Per quale assurdo motivo il cervello di un cane ha meno valore del cervello di un uomo al punto da poterlo annientare? Per quale assurdo motivo gli occhi di un cavallo, di un maiale o di un coniglio hanno meno valore di quelli di un essere umano al punto da poterli estirpare? Per quale assurdo motivo il cuore, il fegato, i polmoni, la gamba di un essere umano hanno valore incommensurabile mentre il cuore, il fegato, i polmoni, la gamba di un animale sono privi di valore al punto che la massaia può farli a pezzi, cucinarli e mangiarli?

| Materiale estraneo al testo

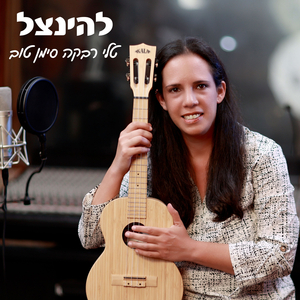 להינצל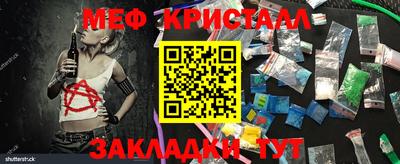 МДПВ Апшеронск
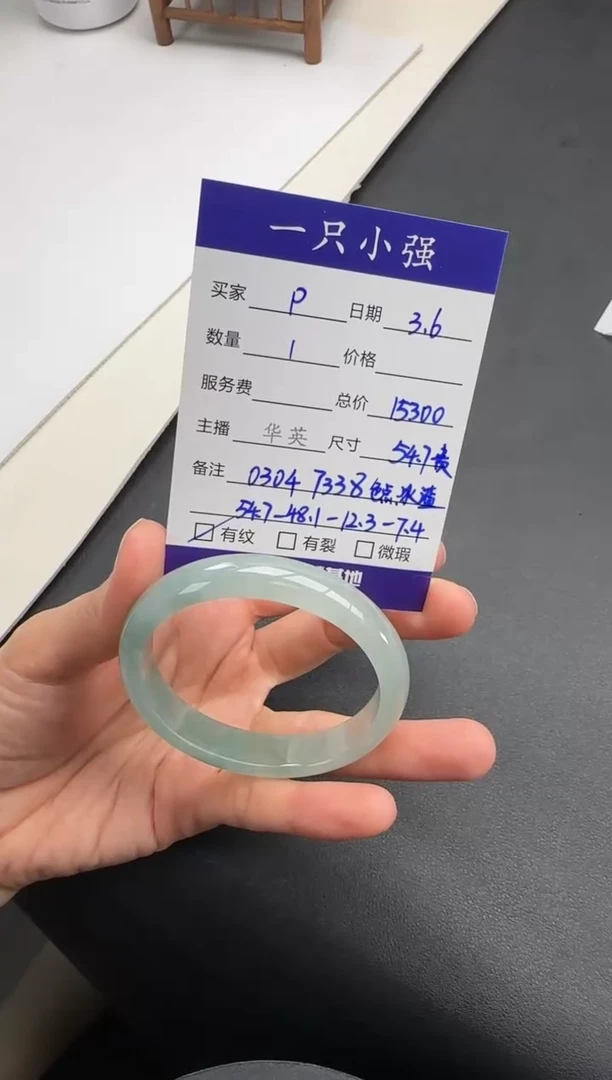 【闪购商品】翡翠手镯（贵妃镯）未镶嵌03047338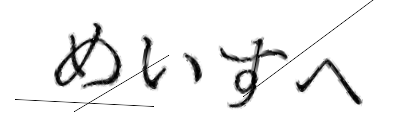 CAPTCHA画像
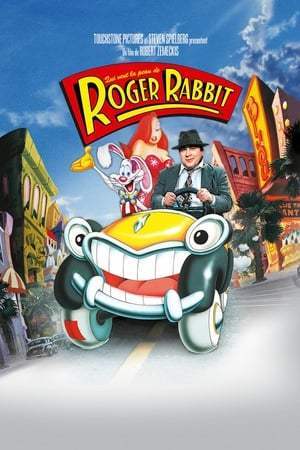 Qui veut la peau de Roger Rabbit ? (1988)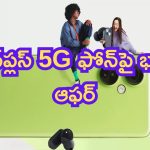 OnePlus 5G Mobile Offer: మళ్లీ ఆఫర్లు.. వన్‌ప్లస్ 5G ఫోన్‌పై భారీ ఆఫర్.. దుమ్ములేపారు పో!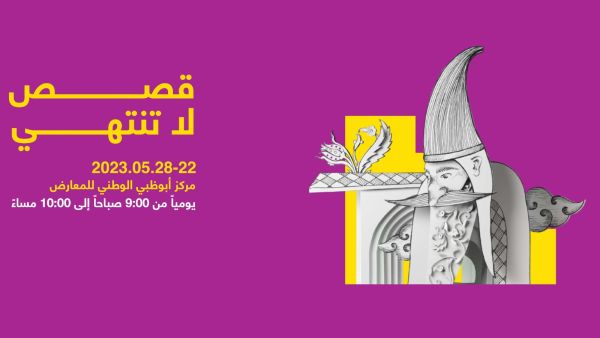 برنامج معرض أبوظبي الدولي للكتاب مايو 2023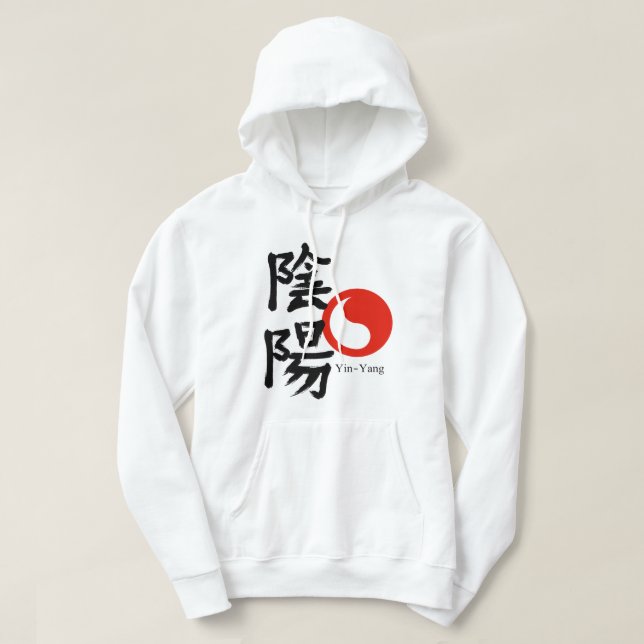 Moletom Yin e Yang (Frente do Design)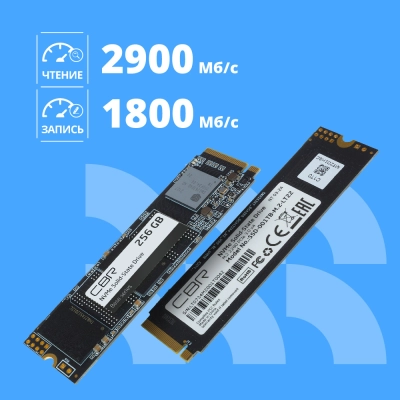 SSD CBR Base SSD-256GB-M.2-BS24b, 256 GB, M.2 2280, PCIe 3.0 x4, NVMe 1.3, 3D TLC NAND, R/W speed up to 2900/1800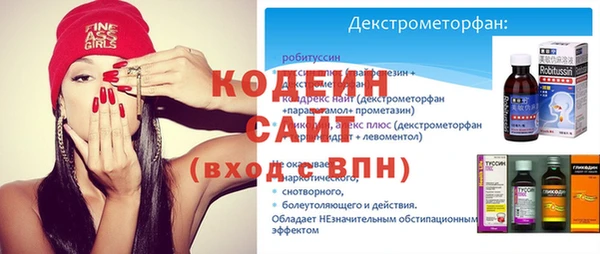 мескалин Бугульма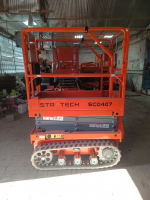 Ножничный подъёмник SC0407 HV Market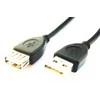 Gembird USB 2.0 A tipo kištukas, A tipo lizdas, 3 m kabelis | Cablexpert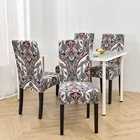 Чехлы на стулья для столовой с принтом, легко скользят, эластичные чехлы на стулья для столовой, моющиеся стулья для столовой, 1 шт.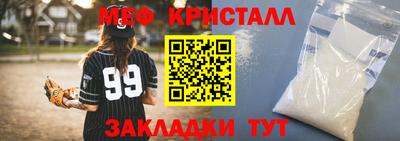 прущие крисы Кинель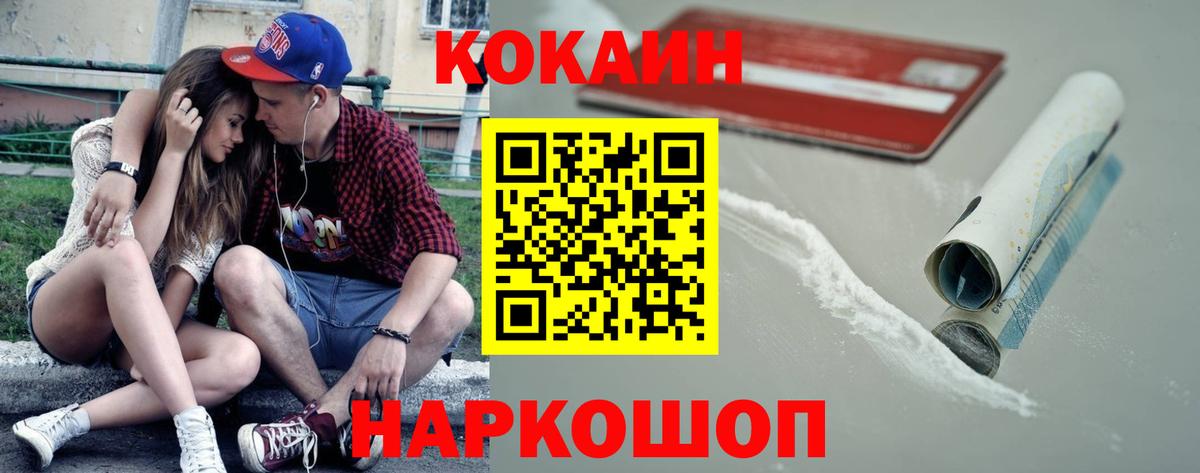 COCAIN  Cocaine FishScale  Кокаин 99%  Вход с VPN  Тулун 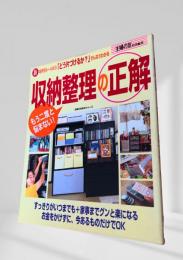 収納整理の正解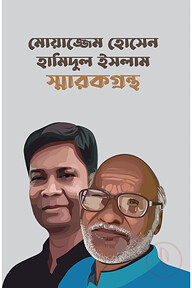 মোয়াজ্জেম হোসেন হামিদুল ইসলাম স্মারক গ্রন্থ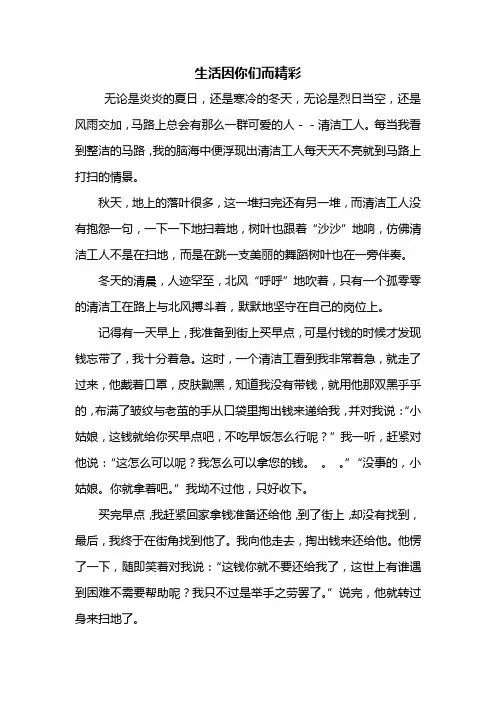 初二作文：生活因你们而精彩作文600字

Come può il nostro corpo essere il tempio dello Spirito se lo riempiamo di cadaveri?
 

Non vi è orrore paragonabile all’uccidere e al mangiare il cadavere di un animale, di un agnellino, di un vitello, di un maialino, di un coniglio che magari è cresciuto e ha giocato con i nostri figli. Non v’è aberrazione peggiore dell’idea di far nascere in gabbia o in catene col solo scopo di sopprimere, magari alla presenza dei loro sventurati compagni e fratelli, creature fatte come noi, negando loro la libertà, la luce del sole, l’erba dei prati, l’acqua dei ruscelli, il contatto con la loro madre.
 

I nostri detrattori dicono: “L’animale è animale mentre noi siamo esseri umani”. Ma che cosa differenzia l’uomo dall’animale dal momento che non vi è qualità nell’uomo che non sia presente, a vari livelli, anche nell’animale? Dicono, “L’essere umano a differenza dell’animale ha un’anima”. Ma nessuno è in grado di dimostrare l’esistenza dell’anima: sarebbe come voler dimostrare l’esistenza del paradiso o dell’inferno. Per noi l’anima è una realtà comune a tutti gli esseri viventi, oppure a nessuno.